Discurso de Abertura do Presidente do Tribunal Supremo, Adelino Muchanga, no lll Colóquio Internacional de Direito Processual sob lema "Reforçando o papel judiciário na prevenção e combate ao terrorismo e tráfico de drogas". Foto de Carlos Júnior
Maputo, 31 Jul (AIM) – O sistema de justiça penal moçambicano passa a contar com um novo instrumento estratégico para reforçar a prevenção, investigação e julgamento de casos de tráfico de pessoas, um crime que exige respostas cada vez mais qualificadas e coordenadas.
“O manual que hoje apresentamos constitui precisamente uma resposta a essa necessidade, por se tratar de um instrumento que irá promover boas práticas e reforçar a capacidade dos órgãos que integram o sistema de justiça penal”, afirmou o Presidente do Tribunal Supremo, Adelino Muchanga.

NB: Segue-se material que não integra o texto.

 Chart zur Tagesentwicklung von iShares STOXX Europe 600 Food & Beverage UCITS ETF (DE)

Muchanga falava hoje, em Maputo, durante a cerimónia de lançamento do Manual de Capacitação para Profissionais do Sistema de Justiça Penal sobre Prevenção e Combate ao Tráfico de Pessoas, uma iniciativa da Procuradoria-Geral da República (PGR), elaborada com apoio do Escritório das Nações Unidas sobre Drogas e Crime (UNODC).
Segundo o Presidente do Tribunal Supremo, o tráfico de pessoas, particularmente de mulheres e crianças, constitui um fenómeno que exige respostas cada vez mais qualificadas, sendo indispensável que os profissionais da justiça disponham de conhecimentos actualizados, metodologias harmonizadas e referências técnicas que orientem uma actuação rigorosa e eficaz.

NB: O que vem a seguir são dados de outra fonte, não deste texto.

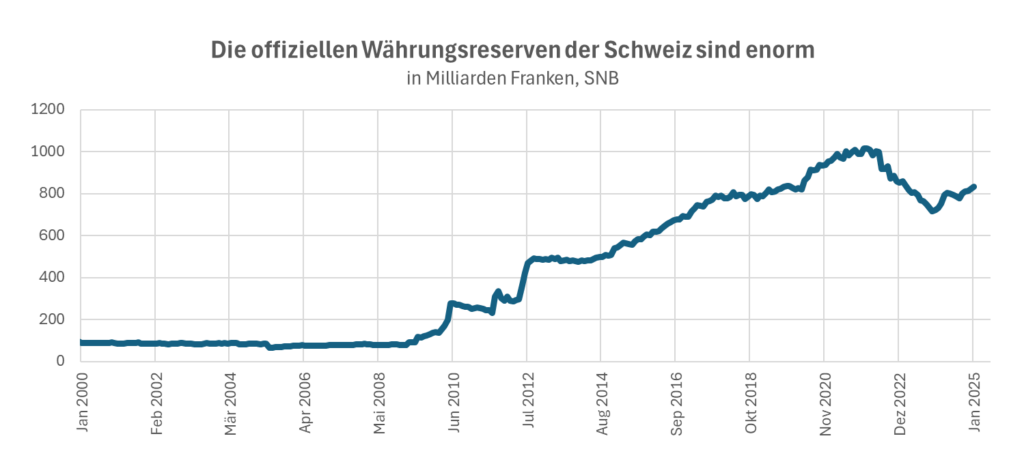 wöhrungsreserven der schweiz 080325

“O investimento nas pessoas é fundamental para a eficiência da justiça”, disse Muchanga, acrescentando que são os magistrados, procuradores, investigadores, advogados e demais profissionais que, através da sua competência técnica e dedicação, materializam diariamente o ideal de justiça consagrado na Constituição da República.
O dirigente judicial explicou que o manual poderá contribuir para melhorar a qualidade da instrução processual, dos julgamentos e das decisões judiciais, ao permitir uma abordagem mais uniforme e consistente na aplicação da lei.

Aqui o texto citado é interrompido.